Friday new$ and note$

Pro Bowl whisper crews

It’s Pro Bowl week, a week that evokes memories of dealing with players returning to the mainland with fresh opinions and demands from their trip to the islands.

The Pro Bowl is a unique gathering of A-list players in the NFL, meaning there are plenty of agents, advisers, enablers and hangers-on around them. The “whisper crews”, as I call them, are in players’ ears about how their team is not treating them right, how they are underpaid, how their agent should be fired based on his lack of aggressiveness in pursuing a better contract, better treatment, etc.

The ringleaders of the whisper crews are usually competing agents, using the trip as a productive way to spend time amidst the cream of the crop of NFL stars, many poised to cash in significantly in the coming weeks, months or years.

Drew Rosenhaus is an omnipresent sight there -- at the players’ hotel, in the lobby, at the pool, in their rooms, wherever. Both enterprising and extremely likeable to players, Drew finds a way to visit with Pro Bowl participants who may be potential targets for future representation. Drew always has clients in the game who echo his message in hopes of converting the unenlightened about his talents, among them in the past the tag team of Chad Ochocinco (Johnson?) and Terrell Owens.

In different years in Green Bay, I experienced the post-Pro Bowl dissatisfaction from players such Javon Walker and Mike McKenzie (who wasn’t playing in the game but was out there), both of whom switched agents to Drew and requested new contracts and/or trades away from the Packers.

There is a rule of negotiating that is paramount to me: never underestimate the power of ego and insecurity. Pro Bowl week played on the egos and insecurities of countless players and made for some difficult conversations after their return to the mainland. Teams around the league will be dreading – and getting -- those calls next week.

Pro Bowl/Super Bowl pay

Each player on the winning team will receive $45,000 for his week in Hawaii. Each player on the losing team will receive $22,500. That may spur some heightened effort in the fourth quarter of the game.

Over in Dallas, where another big football game is going to be played next week, each player on the winning team will receive $83,000. Each player on the losing team will receive $42,000. It does seem odd that a losing member of a Super Bowl team receives less than a winning member of a Pro Bowl team, a game acknowledged to be a laid back affair with limited effort.
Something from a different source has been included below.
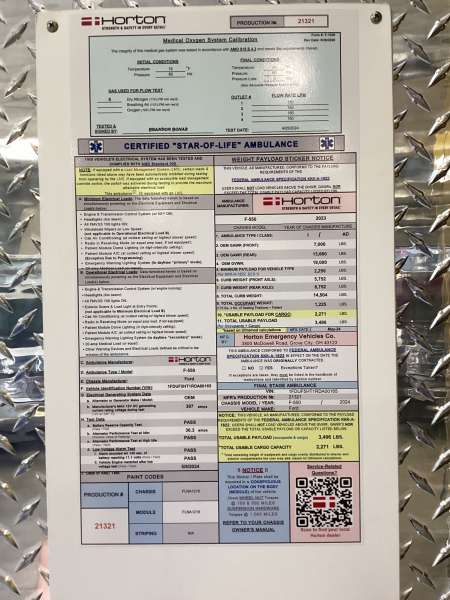 Photo of Metrowest Ambulance VIN information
As to total compensation for the Packers or the Steelers, the Packers are the winners in terms of playoff pay due to the fact they played an additional game over the Steelers. Not having a bye, the Packers each earned $19,000 for their win over the Eagles in the Wild Card round while the Steelers were not paid for that week.
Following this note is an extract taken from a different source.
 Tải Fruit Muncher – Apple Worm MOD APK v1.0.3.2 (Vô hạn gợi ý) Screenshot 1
Thus, if the Packers win the Super Bowl, their cumulative postseason pay would be $161,000 per player as follows:

Win over Eagles: $19,000
Win over Falcons: $21,000
Win over Bears: $38,000
Win over Steelers: $83,000

If the Steelers win the Super Bowl, their cumulative postseason pay would be $142,000 per player as follows:

Win over Ravens: $21,000
Win over Jets: $38,000
Win over Packers: $83,000

"Photogate" and no Salary Cap

As to the now-resolved “Photogate” issue with the Packers, there is a side to it that may be causally related to the NFL labor negotiation.
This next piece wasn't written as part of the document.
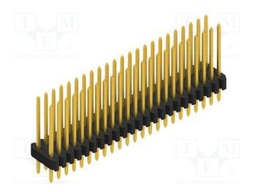 Connector: pin strips; pin header; male; PIN: 46; 1.27mm; THT; 2x23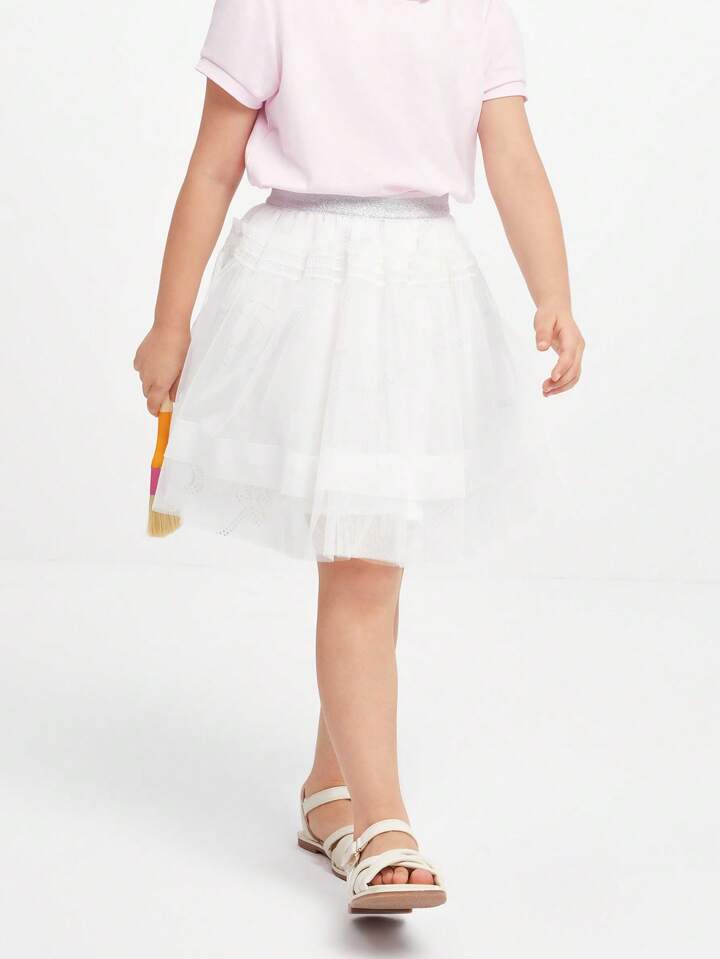 Elastic waist skirt pink store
To review, the Packers initially decided that their large injured reserve list – 16 in all – would not be part of Tuesday’s team picture at the Super Bowl, with the injured players would arrive on Thursday. With immediate and unanimously disapproving public opinion – perhaps not since the Favre divorce had the public outcry been as large – the Packers took the sensible approach and delayed the picture until next Friday when all players could attend.

Not all players on reserve/injured are created equal. Some are requested by management to stay around the team, go to meetings and be a part of the team. Some, for whom their future with the team is insecure, are allowed (and some encouraged) to leave the team’s facility and rehabilitate elsewhere. Many of the 16 players on the Packers’ list were not even living in Green Bay.

The striking issue to me was the sheer amount of players on injured reserve. In my nine years there, we were hit hard by injury but never put that many players down. And, of course, all charges for these players count on the Cap. But with no Salary Cap in place in the NFL in 2010, teams could liberally add charges to their injured reserve list, which may have happened here. Here are a few of the charges of players on IR this season (their 2010 salary and bonuses, in millions):

Ryan Grant: 6
Nick Barnett: 4.55
Mark Tauscher: 3.8
Brandon Chillar: 2.5
Brady Poppinga: 2.4
Mike Neal: 1.48

Morgan Burnett: 1.2
Justin Harrell: 1.07
Derrick Martin 1.03

Without a Cap to restrict the amount of money piled up by placing players on the reserve/injured list – there is the charge of paying the player and the charge of replacing him with another player on the active roster –the Packers could add more players to the list than in a normal Cap year.

Just a thought to add to the now-resolved panic over the Packers team picture at the Super Bowl.